* **LISTED ENTRIES**
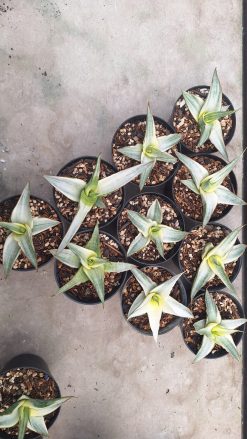 Sansevieria Snow White Size 10 Cm, real gallery image #19 plants. Picture taken directly from kaktus.id community Sansevieria farmer green houses.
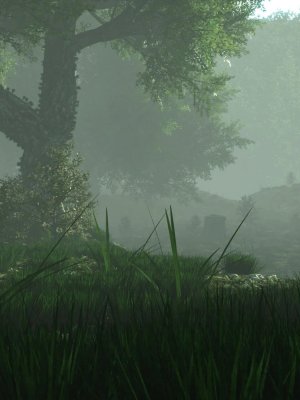 Mysterious Forest-神秘的森林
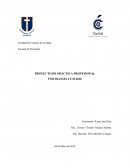 PROYECTO DE PRÁCTICA PROFESIONAL PSICOLOGÍA UCM 2018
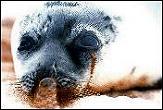 SEAL PUP CHOKING ON ...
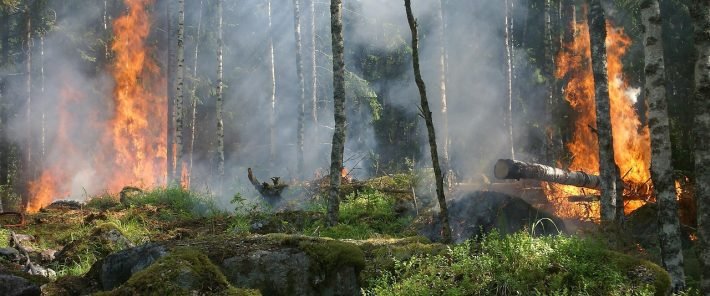 Heatwaves overwhelm nature’s mechanisms to cope with wildfires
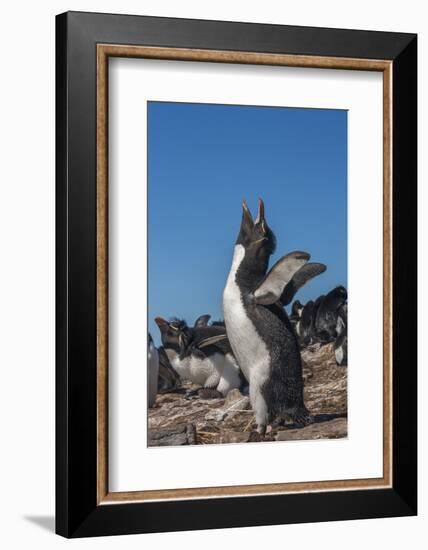 Falkland Islands, Bleaker Island. Rockhopper Penguin Calling-Cathy & Gordon Illg-Framed Photographic Print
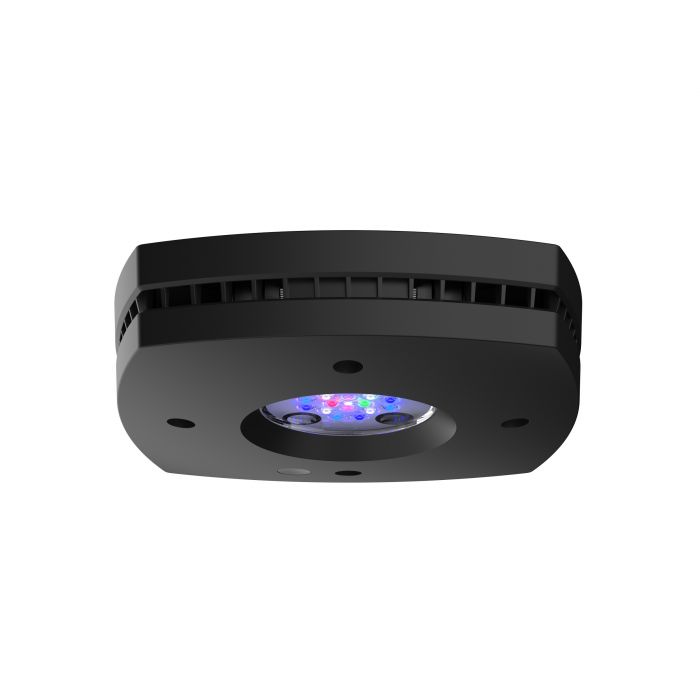 Buy The AI Hydra Prime 16 HD LED Fixture Online - Fish Tank USA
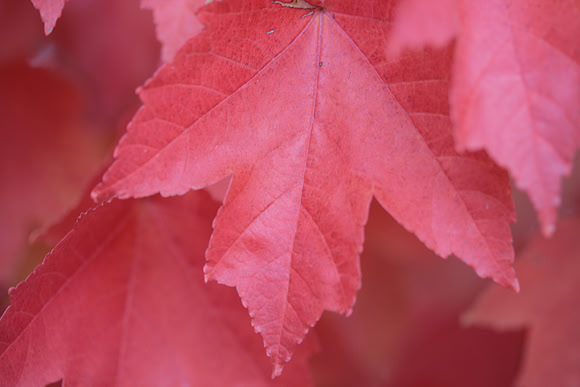 Autumn in Nevada City_7885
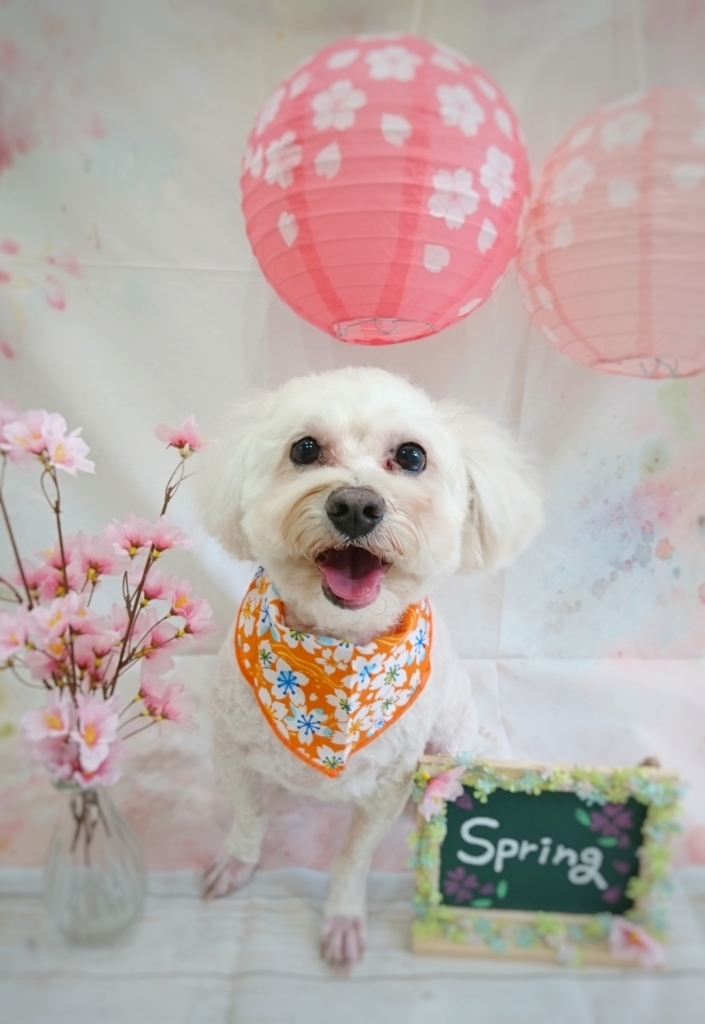 f:id:ujk_vet:20180319174026j:plain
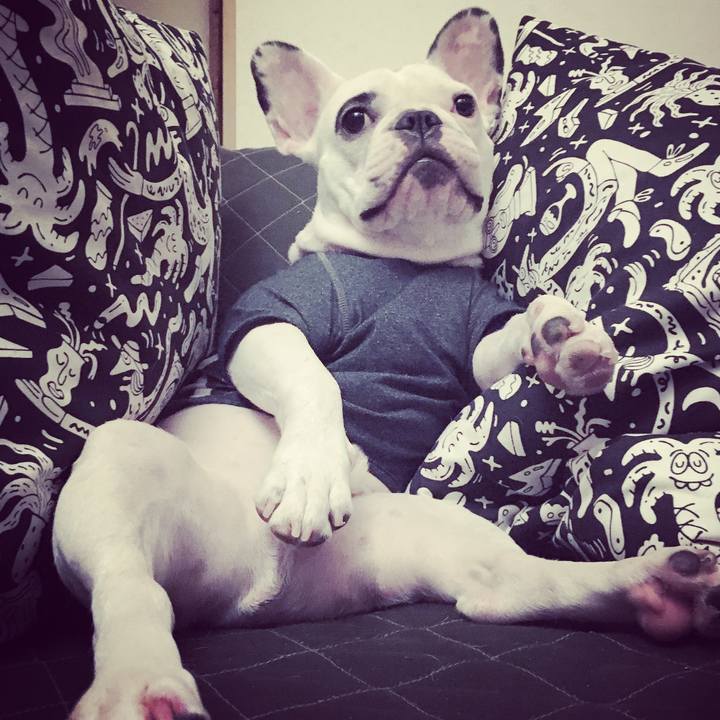 C73dc95a efe7 48b5 b621 f7fe216eb0d5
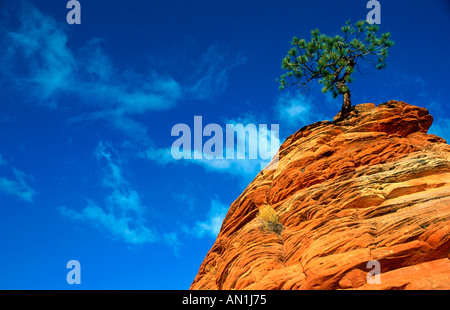 Le pin ponderosa, le pin jaune de l'ouest, blackjack, bull pin (Pinus ponderosa), growing on ledge, USA, Utah, Zion NP Banque D'Images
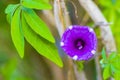 Mexican pink Morning Glory flower on fence with green leaves Royalty Free Stock Photo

* **AIM OF THE EXERCISE**
Beginning with the line holding "Heatwaves overwhelm nature’s", copy each line exactly through the end of the records above, and leave every picture out.

* **COMPLETED TASK**
 Heatwaves overwhelm nature’s mechanisms to cope with wildfires
 Falkland Islands, Bleaker Island. Rockhopper Penguin Calling-Cathy & Gordon Illg-Framed Photographic Print
 Buy The AI Hydra Prime 16 HD LED Fixture Online - Fish Tank USA
 Autumn in Nevada City_7885
 f:id:ujk_vet:20180319174026j:plain
 C73dc95a efe7 48b5 b621 f7fe216eb0d5
 Le pin ponderosa, le pin jaune de l'ouest, blackjack, bull pin (Pinus ponderosa), growing on ledge, USA, Utah, Zion NP Banque D'Images
 Mexican pink Morning Glory flower on fence with green leaves Royalty Free Stock Photo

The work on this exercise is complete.